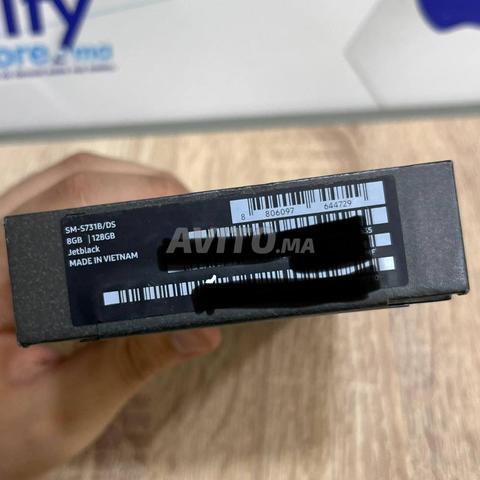 Samsung Galaxy S25 FE 128Go 8Go RAM - 2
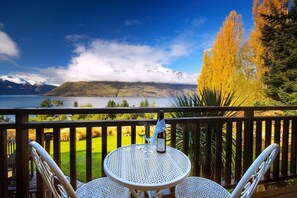 Outdoor dining - Hidden Lodge (Queenstown)
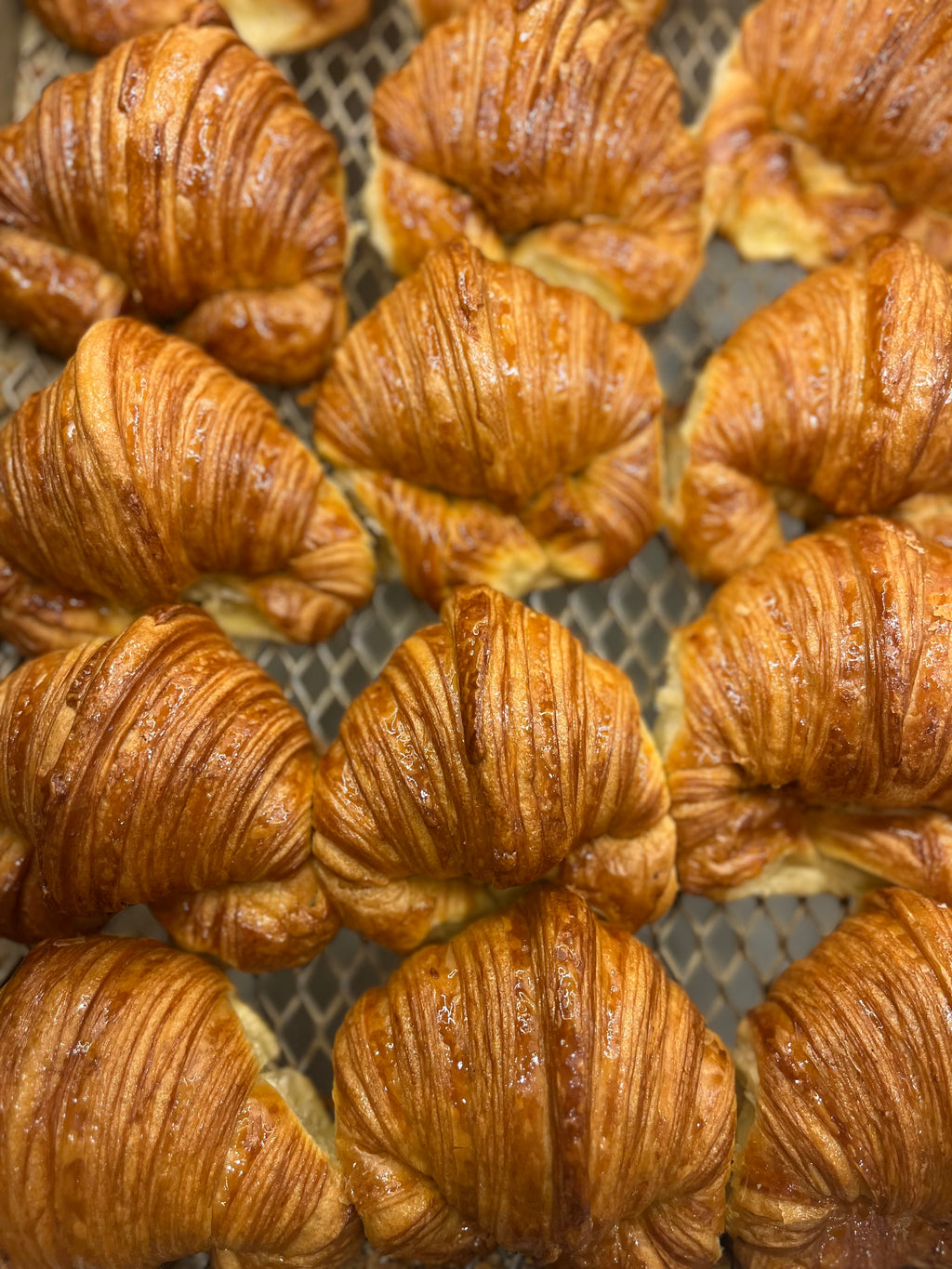 Medialunas de manteca docena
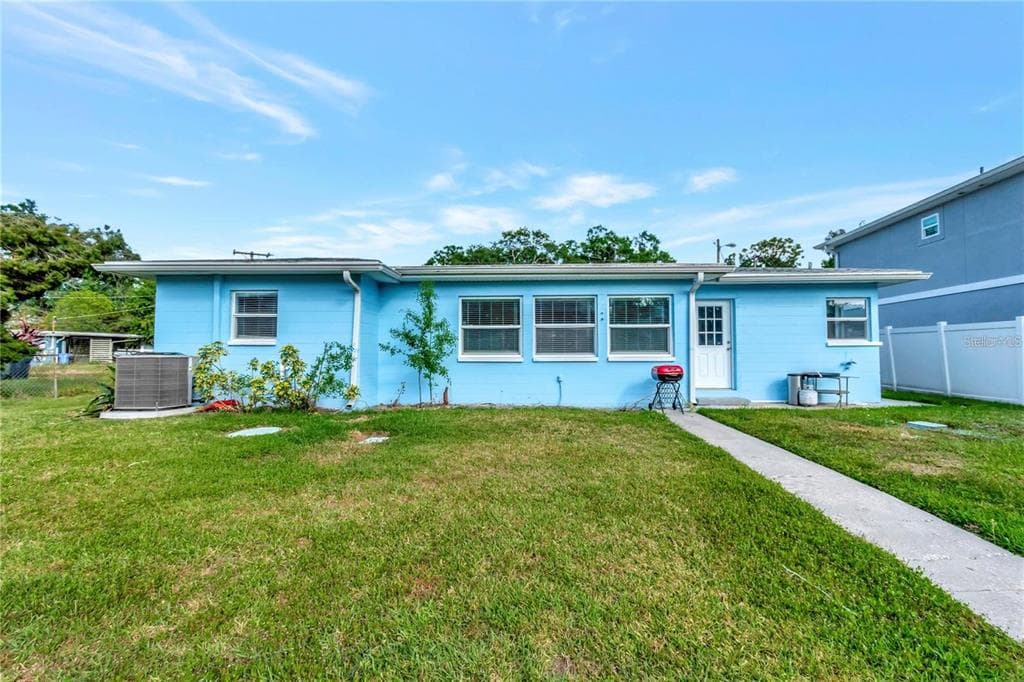 4512 26TH AVENUE S, TAMPA, FL 33619 — zdjęcie 3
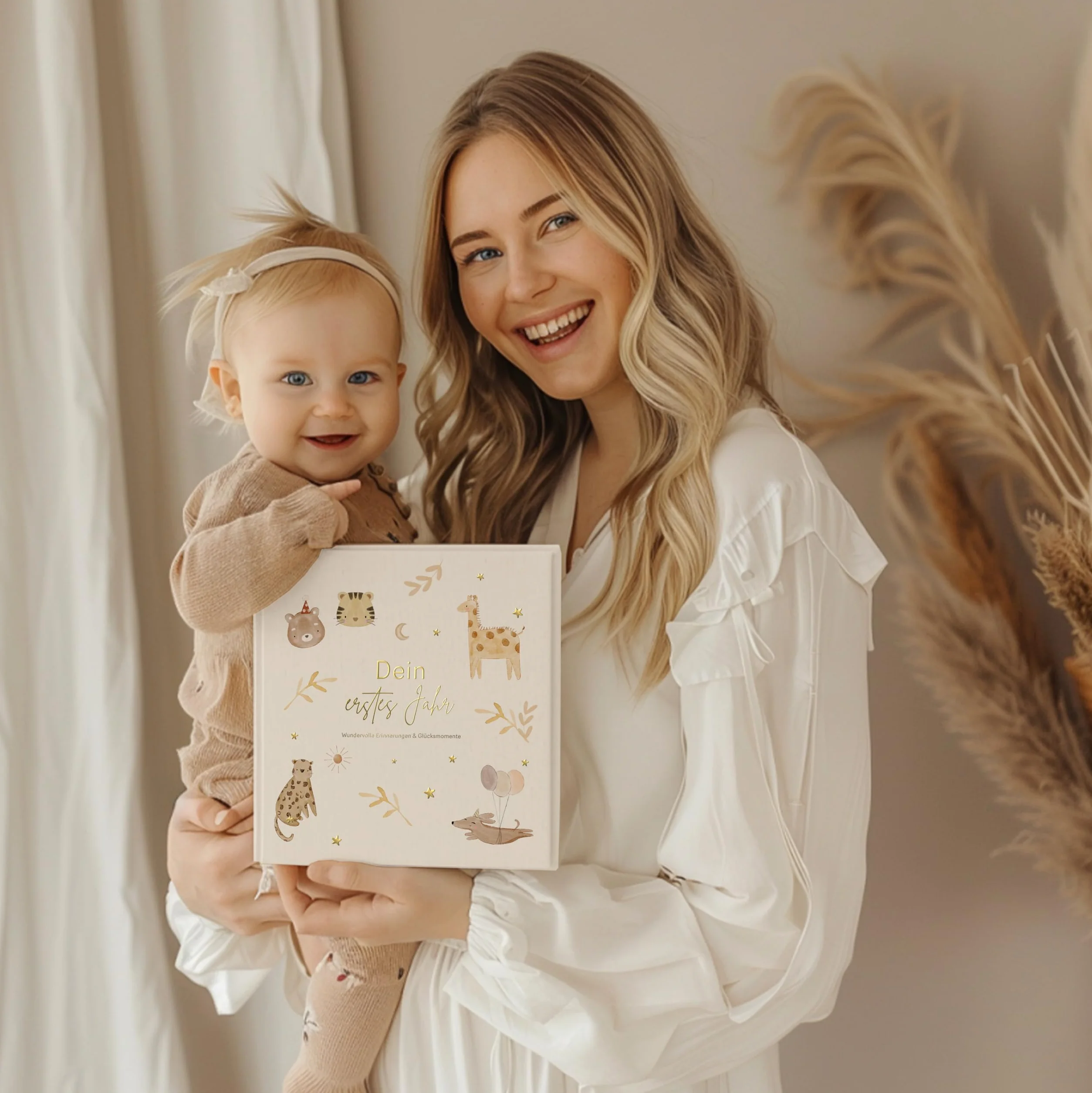 MeinBaby123 Album dla niemowląt Wysokiej jakości pozłacany 136 stronami z wypełnieniem na pierwszy rok, prezent na narodziny, prezent dla niemowląt, pamiętnik dla niemowląt do wypełnienia na kamienie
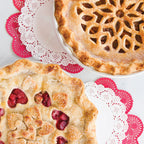 Hearts And Lattice Pie Top Cutter 31.5 x 36 x 2cm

——

• EXERCISE DIRECTIONS: Beginning with the line in which "4512 26TH AVENUE" appears, repeat exactly each line down to the close of the material, leaving every picture out.

• ANSWER SECTION:
 4512 26TH AVENUE S, TAMPA, FL 33619 — zdjęcie 3
 MeinBaby123 Album dla niemowląt Wysokiej jakości pozłacany 136 stronami z wypełnieniem na pierwszy rok, prezent na narodziny, prezent dla niemowląt, pamiętnik dla niemowląt do wypełnienia na kamienie
 Hearts And Lattice Pie Top Cutter 31.5 x 36 x 2cm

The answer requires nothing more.